### DATA UNDER STUDY
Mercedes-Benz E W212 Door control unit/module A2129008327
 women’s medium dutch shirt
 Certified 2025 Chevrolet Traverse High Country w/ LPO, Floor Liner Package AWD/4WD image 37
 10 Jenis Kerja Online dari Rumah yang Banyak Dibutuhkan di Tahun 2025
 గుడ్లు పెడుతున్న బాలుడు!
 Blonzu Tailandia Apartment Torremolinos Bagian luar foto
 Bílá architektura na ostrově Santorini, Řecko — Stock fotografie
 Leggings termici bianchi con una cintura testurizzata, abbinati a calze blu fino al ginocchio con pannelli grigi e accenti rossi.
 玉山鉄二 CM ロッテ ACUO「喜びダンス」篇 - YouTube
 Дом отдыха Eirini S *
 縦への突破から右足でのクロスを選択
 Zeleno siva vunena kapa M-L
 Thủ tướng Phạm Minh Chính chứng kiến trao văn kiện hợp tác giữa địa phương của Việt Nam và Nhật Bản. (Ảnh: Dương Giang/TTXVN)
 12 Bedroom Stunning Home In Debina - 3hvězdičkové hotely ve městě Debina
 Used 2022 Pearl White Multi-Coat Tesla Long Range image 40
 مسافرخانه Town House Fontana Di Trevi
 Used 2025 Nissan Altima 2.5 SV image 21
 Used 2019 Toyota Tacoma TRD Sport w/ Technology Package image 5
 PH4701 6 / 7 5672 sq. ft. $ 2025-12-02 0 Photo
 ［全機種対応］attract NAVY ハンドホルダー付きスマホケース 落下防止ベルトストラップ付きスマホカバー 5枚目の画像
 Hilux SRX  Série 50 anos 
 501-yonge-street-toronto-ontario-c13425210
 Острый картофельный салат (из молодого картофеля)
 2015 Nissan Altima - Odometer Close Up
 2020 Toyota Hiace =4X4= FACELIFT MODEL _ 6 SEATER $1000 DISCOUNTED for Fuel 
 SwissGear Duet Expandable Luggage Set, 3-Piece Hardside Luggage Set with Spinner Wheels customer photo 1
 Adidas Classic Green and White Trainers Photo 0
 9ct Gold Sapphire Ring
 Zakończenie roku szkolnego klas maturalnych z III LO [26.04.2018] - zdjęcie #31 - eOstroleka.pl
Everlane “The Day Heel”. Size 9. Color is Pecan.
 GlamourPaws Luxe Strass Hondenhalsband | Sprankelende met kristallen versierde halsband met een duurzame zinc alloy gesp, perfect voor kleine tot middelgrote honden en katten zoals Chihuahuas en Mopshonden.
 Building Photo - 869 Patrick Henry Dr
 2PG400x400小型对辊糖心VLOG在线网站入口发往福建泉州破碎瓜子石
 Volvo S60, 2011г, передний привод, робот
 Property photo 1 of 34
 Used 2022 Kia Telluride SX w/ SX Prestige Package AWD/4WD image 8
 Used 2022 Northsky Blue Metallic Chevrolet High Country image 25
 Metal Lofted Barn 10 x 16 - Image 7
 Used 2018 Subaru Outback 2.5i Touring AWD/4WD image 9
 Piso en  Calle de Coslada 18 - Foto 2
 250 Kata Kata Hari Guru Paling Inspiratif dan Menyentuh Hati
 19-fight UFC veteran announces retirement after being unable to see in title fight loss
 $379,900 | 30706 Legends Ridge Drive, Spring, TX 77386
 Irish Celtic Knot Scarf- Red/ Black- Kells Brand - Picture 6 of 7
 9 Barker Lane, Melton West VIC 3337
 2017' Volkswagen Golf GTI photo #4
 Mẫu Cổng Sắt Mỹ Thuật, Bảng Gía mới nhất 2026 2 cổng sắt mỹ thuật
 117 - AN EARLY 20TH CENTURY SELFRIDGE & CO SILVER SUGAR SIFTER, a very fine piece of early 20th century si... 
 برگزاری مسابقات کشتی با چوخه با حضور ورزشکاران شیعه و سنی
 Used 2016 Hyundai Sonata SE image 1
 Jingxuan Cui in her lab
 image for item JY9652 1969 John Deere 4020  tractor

### WHAT THE TASK REQUIRES
From the records above, copy out the line with "Used 2022 Kia", the line with "برگزاری مسابقات کشتی", and every line between them, word for word.

### WRITTEN ANSWER
 Used 2022 Kia Telluride SX w/ SX Prestige Package AWD/4WD image 8
 Used 2022 Northsky Blue Metallic Chevrolet High Country image 25
 Metal Lofted Barn 10 x 16 - Image 7
 Used 2018 Subaru Outback 2.5i Touring AWD/4WD image 9
 Piso en  Calle de Coslada 18 - Foto 2
 250 Kata Kata Hari Guru Paling Inspiratif dan Menyentuh Hati
 19-fight UFC veteran announces retirement after being unable to see in title fight loss
 $379,900 | 30706 Legends Ridge Drive, Spring, TX 77386
 Irish Celtic Knot Scarf- Red/ Black- Kells Brand - Picture 6 of 7
 9 Barker Lane, Melton West VIC 3337
 2017' Volkswagen Golf GTI photo #4
 Mẫu Cổng Sắt Mỹ Thuật, Bảng Gía mới nhất 2026 2 cổng sắt mỹ thuật
 117 - AN EARLY 20TH CENTURY SELFRIDGE & CO SILVER SUGAR SIFTER, a very fine piece of early 20th century si... 
 برگزاری مسابقات کشتی با چوخه با حضور ورزشکاران شیعه و سنی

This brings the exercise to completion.